The younger child had been in a child safety seat in the van since 8 a.m., when the father changed his morning routine and stopped for coffee on the way to his campus on the last day of the school year. Normally, the father dropped the infant at a baby sitter's before getting coffee, police said.
The National Weather Service reported a high temperature of 98 degrees Thursday in Las Vegas. Police said the temperature inside the parked van could have reached 160 degrees.
Carlson said detectives would submit a report to Clark County District Attorney David Roger for possible prosecution.
Roger said Friday it was too early to say whether charges will be filed.
Four previous cases since 2001 involving children who died after being left unattended in hot cars did not result in any prosecutions under Roger's predecessor, Stewart Bell.
It was the third time in three days that children had been left unattended in vehicles in Las Vegas.
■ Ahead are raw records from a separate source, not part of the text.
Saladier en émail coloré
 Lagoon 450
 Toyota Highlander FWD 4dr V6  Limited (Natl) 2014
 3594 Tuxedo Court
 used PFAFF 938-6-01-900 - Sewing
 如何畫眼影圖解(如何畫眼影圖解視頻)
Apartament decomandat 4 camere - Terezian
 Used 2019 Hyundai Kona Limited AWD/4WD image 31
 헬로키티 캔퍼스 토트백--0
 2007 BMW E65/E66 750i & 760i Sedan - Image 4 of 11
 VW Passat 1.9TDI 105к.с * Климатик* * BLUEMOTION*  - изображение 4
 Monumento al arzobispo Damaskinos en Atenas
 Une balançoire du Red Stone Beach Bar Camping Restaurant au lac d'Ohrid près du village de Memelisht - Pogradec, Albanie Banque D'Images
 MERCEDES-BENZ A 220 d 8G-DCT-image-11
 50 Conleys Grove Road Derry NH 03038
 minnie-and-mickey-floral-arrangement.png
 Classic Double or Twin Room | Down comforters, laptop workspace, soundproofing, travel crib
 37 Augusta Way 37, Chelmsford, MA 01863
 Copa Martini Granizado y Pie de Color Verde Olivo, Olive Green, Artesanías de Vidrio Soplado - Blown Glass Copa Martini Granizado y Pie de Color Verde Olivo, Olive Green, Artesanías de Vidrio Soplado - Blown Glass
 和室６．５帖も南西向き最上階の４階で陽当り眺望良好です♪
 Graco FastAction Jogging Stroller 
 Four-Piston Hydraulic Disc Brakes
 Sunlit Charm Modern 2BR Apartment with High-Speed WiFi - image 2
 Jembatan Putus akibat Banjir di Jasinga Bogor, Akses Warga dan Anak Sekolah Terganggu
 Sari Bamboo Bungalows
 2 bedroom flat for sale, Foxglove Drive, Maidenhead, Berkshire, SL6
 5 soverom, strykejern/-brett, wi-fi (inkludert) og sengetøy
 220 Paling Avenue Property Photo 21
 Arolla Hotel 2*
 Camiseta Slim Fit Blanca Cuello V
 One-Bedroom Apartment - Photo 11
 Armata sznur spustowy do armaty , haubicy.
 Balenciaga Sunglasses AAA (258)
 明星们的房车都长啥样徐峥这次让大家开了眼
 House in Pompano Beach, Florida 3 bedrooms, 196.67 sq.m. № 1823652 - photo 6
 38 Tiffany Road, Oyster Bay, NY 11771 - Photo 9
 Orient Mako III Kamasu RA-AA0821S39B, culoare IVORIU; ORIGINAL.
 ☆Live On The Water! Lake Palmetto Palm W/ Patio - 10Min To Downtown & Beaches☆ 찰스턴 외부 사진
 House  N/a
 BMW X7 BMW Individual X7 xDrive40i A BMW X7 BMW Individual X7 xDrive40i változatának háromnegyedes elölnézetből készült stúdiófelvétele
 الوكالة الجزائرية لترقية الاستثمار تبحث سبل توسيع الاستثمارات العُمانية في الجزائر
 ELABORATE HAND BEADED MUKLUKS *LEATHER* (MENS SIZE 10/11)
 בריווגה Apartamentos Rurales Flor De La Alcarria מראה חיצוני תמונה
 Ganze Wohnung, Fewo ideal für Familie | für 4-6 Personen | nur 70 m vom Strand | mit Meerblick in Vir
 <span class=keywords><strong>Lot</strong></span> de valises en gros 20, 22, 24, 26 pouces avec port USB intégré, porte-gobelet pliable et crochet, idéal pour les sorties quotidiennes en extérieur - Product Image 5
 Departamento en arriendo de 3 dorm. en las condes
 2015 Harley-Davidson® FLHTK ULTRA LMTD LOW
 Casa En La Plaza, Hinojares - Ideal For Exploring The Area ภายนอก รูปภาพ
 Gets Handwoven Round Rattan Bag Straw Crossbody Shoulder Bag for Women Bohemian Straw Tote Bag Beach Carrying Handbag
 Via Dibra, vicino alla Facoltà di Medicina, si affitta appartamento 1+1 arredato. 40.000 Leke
Police will seek gross misdemeanor endangerment charges against the parents in the other two cases, Carlson said.
Carlson said detectives were investigating after a mother forgot her 1-year-old for an hour in a car Wednesday while she was watching four other children. The child was treated for dehydration and is recovering.
On Tuesday, a 16-month-old became the focus of the state's first "Amber Alert" after his mother allegedly left him in a car that was stolen while she shopped. The thief abandoned the car at a convenience store, and the boy was found unharmed about five hours later. The car thief has not been found.
At least 120 children died from heat injuries nationwide from 1996 to 2000, a General Motors study shows. Seven of those deaths occurred in southern Nevada.
A year ago, a 5-year-old North Las Vegas boy died after climbing into a car parked in the family driveway. The car's door handles didn't work. Temperatures that day reached 101 degrees.
In 2001, a 5-year-old boy and two infants died in Clark County in separate cases after being left in hot cars.